(Your goal): Every line of the entries below from the one containing "Hoy Leather Boots" to the one containing "2 Fabrik z5", both ends included, must be written out exactly. No other line belongs in the answer.

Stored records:
# # # # # # #
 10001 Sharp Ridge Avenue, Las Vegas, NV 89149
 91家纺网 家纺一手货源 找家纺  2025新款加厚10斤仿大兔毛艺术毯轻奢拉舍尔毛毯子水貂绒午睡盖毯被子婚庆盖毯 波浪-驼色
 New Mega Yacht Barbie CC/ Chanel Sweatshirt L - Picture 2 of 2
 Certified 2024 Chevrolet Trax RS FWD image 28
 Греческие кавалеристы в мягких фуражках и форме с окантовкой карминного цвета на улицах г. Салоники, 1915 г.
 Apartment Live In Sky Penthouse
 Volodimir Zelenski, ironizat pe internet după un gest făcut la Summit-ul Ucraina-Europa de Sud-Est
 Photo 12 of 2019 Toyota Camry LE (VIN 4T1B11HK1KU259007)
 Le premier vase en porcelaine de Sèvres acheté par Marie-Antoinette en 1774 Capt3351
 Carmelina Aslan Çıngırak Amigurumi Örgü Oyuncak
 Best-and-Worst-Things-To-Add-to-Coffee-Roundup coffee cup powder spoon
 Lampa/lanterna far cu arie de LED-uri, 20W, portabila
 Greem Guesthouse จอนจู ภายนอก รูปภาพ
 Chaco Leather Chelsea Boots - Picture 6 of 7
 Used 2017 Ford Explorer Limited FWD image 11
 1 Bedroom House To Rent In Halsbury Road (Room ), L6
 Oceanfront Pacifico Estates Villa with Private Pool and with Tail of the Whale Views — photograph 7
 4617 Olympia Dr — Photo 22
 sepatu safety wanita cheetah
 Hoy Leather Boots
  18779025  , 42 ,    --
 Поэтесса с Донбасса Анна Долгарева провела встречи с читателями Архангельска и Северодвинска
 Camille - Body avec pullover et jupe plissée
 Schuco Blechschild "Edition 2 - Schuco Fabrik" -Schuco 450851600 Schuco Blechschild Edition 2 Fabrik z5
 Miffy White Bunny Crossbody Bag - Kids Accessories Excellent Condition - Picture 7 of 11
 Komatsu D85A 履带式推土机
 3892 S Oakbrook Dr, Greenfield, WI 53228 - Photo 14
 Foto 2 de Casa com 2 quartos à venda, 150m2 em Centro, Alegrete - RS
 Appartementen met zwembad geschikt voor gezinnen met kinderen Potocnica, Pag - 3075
# # # # # # #
(Solution for this problem):
 Hoy Leather Boots
  18779025  , 42 ,    --
 Поэтесса с Донбасса Анна Долгарева провела встречи с читателями Архангельска и Северодвинска
 Camille - Body avec pullover et jupe plissée
 Schuco Blechschild "Edition 2 - Schuco Fabrik" -Schuco 450851600 Schuco Blechschild Edition 2 Fabrik z5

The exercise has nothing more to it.